I will present some of the highlights in the following, as a complete description of the exhibition would go beyond the scope of this blog. St. Mary and Child were the tenors of the exhibition.

Around 1478. Marco Soppo (Venice 1432-1478)
Madonna and Child
A sad mother holds her child, who is not dressed festively, tightly in her hands. This child looks at the world with big, questioning eyes.

Around 1549. Pellegrino Tibaldi (Milan 1527-1596)
Madonna del Silenzio Holy Family with St. John the Baptist
Thirty years before El Greco, Tibaldi paints clothes with unusual colors.
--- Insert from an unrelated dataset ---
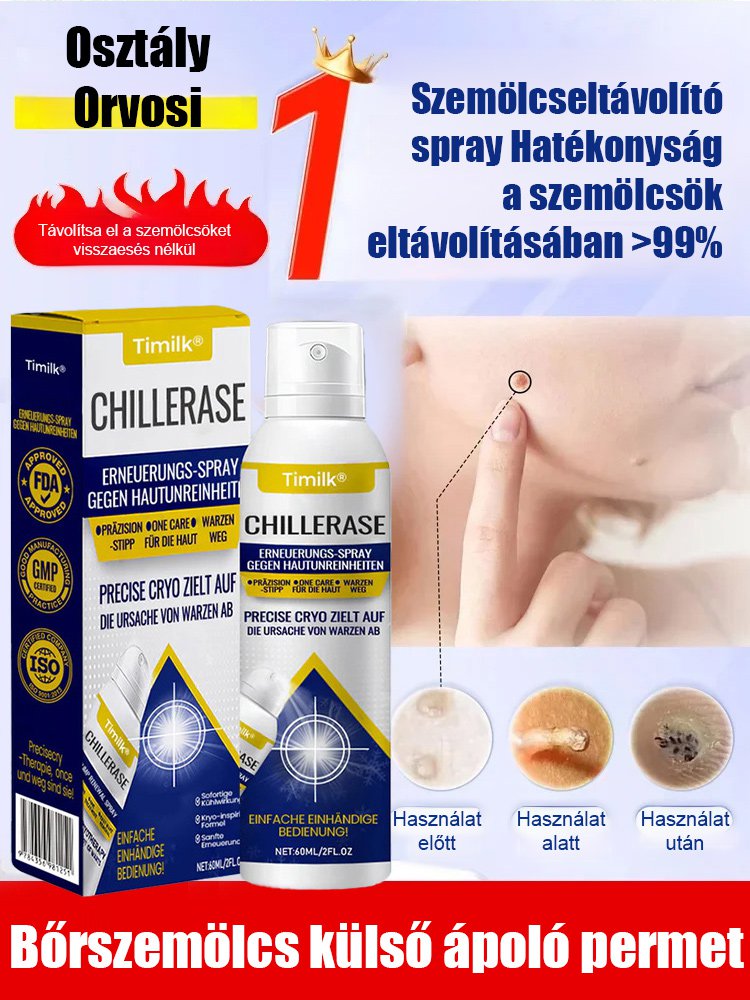 Timilk szemölcs elleni külső ápoló spray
The adolescent son trustingly lays his head in his mother's lap. The somewhat older John the Baptist looks thoughtfully at this scene. Does he already know what will happen to this sleeping youth?

Around 1495. Raffaello Carli, called Raffaellino del Garbo (1466-1524)
Cardinal Giovanni de' Medici receives the child's blessing before the Madonna.

About 50 years later, del Garbo painted the Madonna and Child, blessing a member of the Medici family. This was sorely needed because, during the Renaissance, the Medici family provided many of the mostly rather unholy cardinals and popes.

Around 1500. Sandro Botticelli (Florence 1445-1510)
Adoration of the Child.
This is a depiction of the Holy Family that is still common today. It shows the old man Joseph not yet understanding what has happened to him.  

Around 1370. Giovanni del Biondo (Florence 1356-1398)
St. Jerome.
Church Father St. Jerome presents a book. Without him, Erasmus of Rotterdam could not have produced his new translation of the Bible, the Novum Instrumentum.     

Around 1395. Agnolo Gaddi (Florence 1369-1396)
The Last Supper.
Due to the short length of the painting, the table is depicted here in the shape of a horseshoe. The favorite disciple's head seems to be growing out of the table while Judas has sat down quite provocatively on the other side opposite Jesus.

Around 1440. Pietro di Giovanni d'Ambrogio (Siena 1409-1449)
St. Augustine.
Church Father St. Augustine invented the Original Sin, which means that unbaptized children will go to hell. In the interpretation of the faith, St. Augustine is still regarded by many Catholics as the second St. Paul.

Around 1500. Unknown artist in Naples
Coronation of the Virgin.

God the Father and the Holy Ghost watch Jesus, who graciously puts the crown on his mother's head. Compare this to Hans Baldung Grien's masterpiece in Freiburg's Münster (1520/30). 

©Pogo Engel/Wikipedia
The altarpiece shows Christ in a somewhat leisurely posture, holding the world in one hand while clumsily helping his father coronate his mother as celestial queen. Still, today, some pious viewers are shocked.